At the physiological level, the acute stress response sees the sympathetic nervous system send a signal to the adrenal glands, which release adrenalin and cortisol in response. A rise in body temperature, an increase in readily available energy in the blood in the form of glucose, as well as faster heartbeats and breaths, follow this.

However, questions remain over the main drivers behind the process.

In a paper in the journal Cell Metabolism, Dr. Gerard Karsenty, a professor in the Department of Genetics and Development at Columbia University Irving Medical Center in New York, explains that glucocorticoid hormones, such as cortisol, are slow-acting, and “need hours to regulate physiological processes, something that seems inconsistent with the need for an immediate response.”

Dr. Karsenty and his colleagues reveal a surprising new player in the regulation of the acute stress response.

Stress response ‘not possible’ without bone

The research team behind this new study has a longstanding interest in the role that bone plays in our bodies. Once thought of as merely the structure that keeps us upright, Dr. Karsenty’s research indicates that molecules released from bone have far-reaching effects on such organs as our brains, muscles, and gut.

“The view of bones as merely an assembly of calcified tubes is deeply entrenched in our biomedical culture,” he explains.

Of particular interest is the bone-derived hormone osteocalcin, which researchers have implicated in a range of physiological processes, such as insulin secretion, brain function, and male fertility.

But where does the acute stress response fit into this picture?

“If you think of bone as something that evolved to protect the organism from danger — the skull protects the brain from trauma, the skeleton allows vertebrates to escape predators, and even the bones in the ear alert us to approaching danger — the hormonal functions of osteocalcin begin to make sense,” Karsenty points out.

For their study, the team measured osteocalcin levels in mice exposed to stressful laboratory conditions. They also measured the osteocalcin levels of 20 human volunteers before and 30 minutes after a 10-minute public speaking and cross-examination task.

In all cases, the researchers observed an increase in osteocalcin levels, but not in the levels of other bone-derived hormones.

In mice, in particular, the team found a rapid spike in osteocalcin levels that reached its peak after 2.5 minutes when the researchers exposed the animals to a component of fox urine.

When the team exposed genetically engineered mice that were unable to produce osteocalcin to a stressor, they did not see the physiological signs of the acute stress response.

“In bony vertebrates, the acute stress response is not possible without osteocalcin,” Karsenty comments on his findings.

What about leave adrenalin and cortisol?

People who have Addison’s disease, which is a condition in which the adrenal glands do not work properly, can react to stressful situations with an acute stress response, despite having lower levels of adrenal hormones.

In further experiments, the research team looked at mice that had their adrenal glands surgically removed and were thus unable to produce cortisol and adrenalin. These animals were still able to mount an acute stress response when faced with a stressor.

This may be due to higher levels of osteocalcin in these animals, the researchers suggest.

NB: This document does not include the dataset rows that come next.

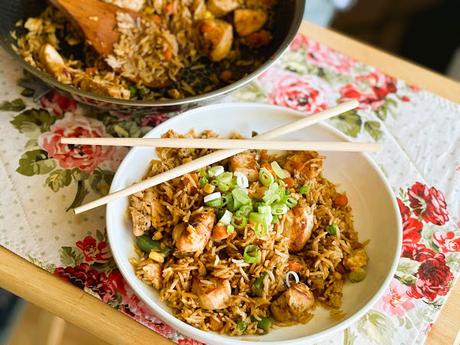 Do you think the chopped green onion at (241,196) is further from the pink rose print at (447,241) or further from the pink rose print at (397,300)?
the pink rose print at (447,241)

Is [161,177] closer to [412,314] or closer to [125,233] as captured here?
[125,233]

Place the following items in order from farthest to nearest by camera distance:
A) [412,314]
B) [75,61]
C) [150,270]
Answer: [75,61]
[412,314]
[150,270]

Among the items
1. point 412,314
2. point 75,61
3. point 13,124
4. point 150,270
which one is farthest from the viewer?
point 75,61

They tested this hypothesis using mice without adrenal glands that scientists had genetically modified further so that the animals were unable to produce high levels of osteocalcin. Without this ability, the animals were unable to mount an acute stress response when researchers exposed them to a stressor.

These results imply that osteocalcin can directly drive the acute stress response, even in the absence of adrenalin and cortisol.

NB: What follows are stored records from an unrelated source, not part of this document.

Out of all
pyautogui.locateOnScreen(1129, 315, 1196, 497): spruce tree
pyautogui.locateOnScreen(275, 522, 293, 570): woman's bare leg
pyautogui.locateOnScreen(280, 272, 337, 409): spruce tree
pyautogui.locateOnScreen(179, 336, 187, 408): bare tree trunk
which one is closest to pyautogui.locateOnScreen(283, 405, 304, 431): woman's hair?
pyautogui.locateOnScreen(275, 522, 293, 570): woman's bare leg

Indeed, when the researchers injected the hormone into mice in the absence of a stressor, they saw ” a significantly increased heart rate, energy expenditure, and oxygen consumption in [the] mice,” as they explain in the paper.

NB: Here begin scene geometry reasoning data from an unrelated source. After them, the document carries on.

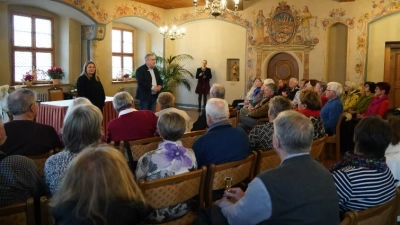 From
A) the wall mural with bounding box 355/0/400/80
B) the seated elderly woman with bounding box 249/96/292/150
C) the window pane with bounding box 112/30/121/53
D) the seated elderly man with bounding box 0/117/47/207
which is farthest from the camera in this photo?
the window pane with bounding box 112/30/121/53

“It completely changes how we think about how acute stress responses occur,” Dr. Karsenty comments on the results of his study.

Although this certainly does not rule out that glucocorticoid hormones may be implicated in some capacity in the acute stress response, it suggests the possibility that other hormones […] could be involved.”

Dr. Karsenty

However, the team does point out that their study has limitations. They have not shown precisely how osteocalcin can produce the hallmark physiological signs of the acute stress response, for example.

Further studies are needed to pin down the details of the pathways in greater detail. However, this study does highlight how much there is still to discover about the complex interplay between our different body parts.